Plusieurs de ses contemporains italiens sont également exposés comme Masaccio ou Fra Angelico pour illustrer deux visions de la peinture religieuse de l’époque, idéalisée à Florence et plus réaliste en Flandre.

Alors que les Italiens utilisent la technique de la détrempe à l’œuf (tempera), van Eyck va perfectionner celle de la peinture à l’huile en ajoutant des éléments chimiques qui vont diminuer le temps de séchage et permettre de superposer les couches, donnant davantage d’intensité à la couleur.

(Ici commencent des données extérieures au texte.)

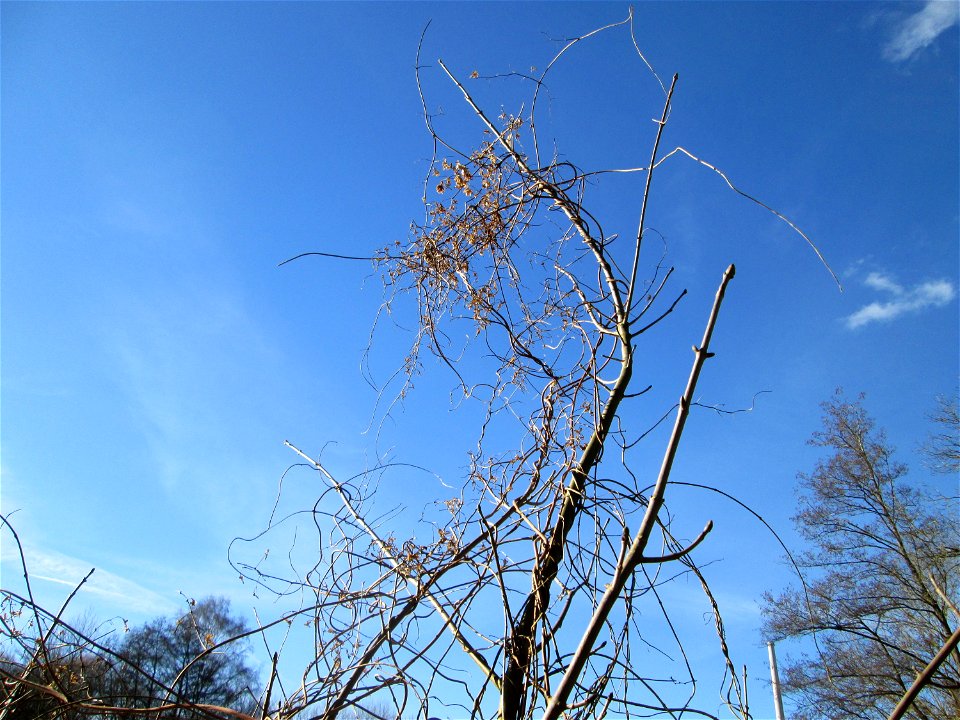 Wilder Hopfen (Humulus lupulus) im Naturschutzgebiet „St. Arnualer Wiesen“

« Il a inventé le glacis, ce qui donne à sa peinture des effets de lumière et une texture plus profonde », explique Frederica Van Dam, une des commissaires de l’exposition.

PHOTO KENZO TRIBOUILLARD, AGENCE FRANCE-PRESSE

Portrait d’Isabella Borluut de Jan van Eyck

Artiste à la cour de Philippe le Bon, prince de Bourgogne, van Eyck est aussi un érudit qui connaît les sciences, comme la géométrie et l’optique, ce qui lui a permis de comprendre le système de la lumière, dont les effets sont omniprésents dans son œuvre.

« À cette époque, l’optique était avant tout liée à la religion, car elle permettait de voir dans l’au-delà, de voir Dieu dans le ciel », rappelle Mme Van Dam.

Dans une lettre de 1435, Philippe le Bon confiera son admiration pour un homme « si excellent en son art et sciences ».

Dans le panneau de L’Annonciation, qui appartient à son chef-d’œuvre de L’agneau mystique peint avec son frère Hubert, van Eyck rend de façon différente la lumière naturelle et la lumière divine, qui pénètrent la scène par deux endroits différents.

L’exposition présente d’ailleurs l’énorme avantage de pouvoir admirer de près plusieurs panneaux du retable, dont la partie restaurée se trouve aujourd’hui à la cathédrale Saint-Bavon de Gand. Ainsi, l’Adam et Eve de la première salle, peints dans une niche et qui semblent vouloir sortir du cadre, créent l’illusion qu’ils vont rejoindre le spectateur.

« Metteur en scène de ses tableaux »

PHOTO KENZO TRIBOUILLARD, AGENCE FRANCE-PRESSE

L’agneau mystique de Jan van Eyck

Van Eyck sera aussi le premier peintre à s’intéresser aux éléments de la nature — neige, nuages, rochers, lune, toile d’araignée, etc. — reproduits dans un style réaliste, tout autant qu’au sujet central de l’œuvre.

Le panneau central de l’Agneau mystique contient pas moins de 70 variétés de fleurs et de plantes.

« Van Eyck accorde beaucoup d’attention à la composition de ses tableaux dont il était le metteur en scène », souligne Frederica Van Dam.

Ceux-ci fourmillent de détails tels les fossiles de rochers, minuscules points blancs qu’il peint dans son Saint François recevant les stigmates, venu de Philadelphie, sans oublier les nuages chargés de neige, cumulus et stratus.

Un souci du minuscule censé illustrer l’éventail de l’œuvre de la création divine.

Le contraste est frappant avec un tableau sur le même thème de son contemporain Fra Angelico, dont le Saint François est agenouillé dans un paysage dénudé.

Mais van Eyck n’est pas seulement un peintre religieux. Une salle entière est consacrée à ses portraits. Nouvelle audace, il va faire poser ses sujets, non plus de profil comme c’était la règle jusque là, mais de trois quarts et même de face, créant une attraction plus forte du regard.

Il les peint avec un réalisme surprenant pour l’époque : larme au coin de l’œil, rides et poches sous les yeux, cicatrice, barbe naissante comme ce portrait d’un homme au chaperon d’un bleu éclatant venu de Roumanie.

L’exposition, qui a nécessité trois ans de préparation, se tient jusqu’au 30 avril.